# Assignments - module 1

[![Open In Colab](https://colab.research.google.com/assets/colab-badge.svg)](https://colab.research.google.com/github/vigji/python-cimec/blob/main/assignments/Assignments_1.ipynb)

This notebook contains the assignments to complete for credits for the first module.

**Submission**: Once you're happy with your solutions, send it to me in any form (email the file, share it through Colab/Google Drive, send me a link to your GitHub repo...).

**Deadline**: 15th of July 2023

**Evaluation**: There is no grade, but I will pass assignments that showcase a reasonable degree of understanding og the covered topics. Do your best, and feel free to ask for help if you are struggling!

(Also, try to keep in mind not only the goal of the exercise, but also all the coding best practices we have been considering in the lectures.)

## 0. Spike detection

In this exercise we will be playing around with some (dummy) electrophysiology recordings. Let's start by having a look at the raw data!

In [None]:
def generate_spike_trace(trace_length=60, firing_rate=1, noise_sigma = 0.05):
    """Function to generate a fake extracellular recording.

    Parameters
    ----------
        trace_length : float
            Duration of the recording in seconds.

        firing_rate : float
            Average firing rate of the neuron in Hz.

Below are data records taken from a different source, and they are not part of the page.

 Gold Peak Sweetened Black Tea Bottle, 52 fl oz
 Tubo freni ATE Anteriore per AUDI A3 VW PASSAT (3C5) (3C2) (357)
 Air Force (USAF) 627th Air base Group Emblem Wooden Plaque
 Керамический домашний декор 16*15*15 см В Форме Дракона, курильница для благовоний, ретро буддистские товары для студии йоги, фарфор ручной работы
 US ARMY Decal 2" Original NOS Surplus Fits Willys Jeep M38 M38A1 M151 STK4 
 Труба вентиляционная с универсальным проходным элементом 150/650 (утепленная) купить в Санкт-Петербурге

        noise_sigma : float
            Noise level.


    Returns:
    --------
        np.array
            Fake extracellular recording.

    """
    np.random.seed(42)
    FS = 10000  # sampling frequency
    n = int(trace_length * FS)  # number of samples

    # Generate spike shape template as a difference of Gaussians.
    # A horrible bunch of magic numbers - do not imitate!
    x = np.arange(30)
    spike_template = np.exp(-(x - 10)**2/6) - np.exp(-(x - 12)**2/16)*0.8

    # Generate spike times from a gaussian distribution:
    spikes_times = np.random.poisson(firing_rate / FS, n)

    # Convolve dirac delta functions of spike times with spike template:
    trace = np.convolve(spikes_times, spike_template)[:n]

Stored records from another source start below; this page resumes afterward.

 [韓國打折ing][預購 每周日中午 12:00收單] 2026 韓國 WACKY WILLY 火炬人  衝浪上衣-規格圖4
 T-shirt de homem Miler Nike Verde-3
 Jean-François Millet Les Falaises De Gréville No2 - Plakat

    # Add some gaussian noise:
    trace += np.random.normal(0, noise_sigma, n)

    return trace

### Exercise 0.0

Run the function below to generate an synthetic extracellular recording for a neuron. Make a nice plot with the trace; the spikes are the peaks appearing above the noise!

---

(_Optional_) If you want to make a plot with exact x coordinates in seconds, you should know that the trace is sampled at 10000 Hz (10000 points per second).

In [None]:
import numpy as np
import pandas as pd
from matplotlib import pyplot as plt

In [None]:
spike_trace = generate_spike_trace()
sampling_rate = 10000 #Hz

seconds = len(spike_trace)/sampling_rate  #Secondi di recoding

seconds_axisX = np.linspace(0,seconds, num = len(spike_trace))  #x axis
plt.plot(seconds_axisX, spike_trace, 'blue', linewidth = 0.2)

plt.xlabel('Time (s)')
plt.title('synthetic extracellular recording - single neuron')

### Exercise 0.1

Write a function to detect spikes!
The function should take the trace as input, and return the index of each spike as the output (as the index, you should take the position of the spike maximum)

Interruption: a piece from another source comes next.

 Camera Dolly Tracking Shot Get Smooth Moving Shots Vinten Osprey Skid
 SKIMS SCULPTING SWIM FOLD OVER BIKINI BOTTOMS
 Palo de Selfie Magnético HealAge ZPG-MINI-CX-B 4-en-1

Hint: a good strategy to detect such events is to set a threshold, and look for elements above it. This will not be enough! each spike could have more than 1 point above the threshold, but you want to make sure you take only the spike peak! For this, you will probably need a loop.

Hint: do not start from writing the function. First debug your code running it in a cell, then move it to a function.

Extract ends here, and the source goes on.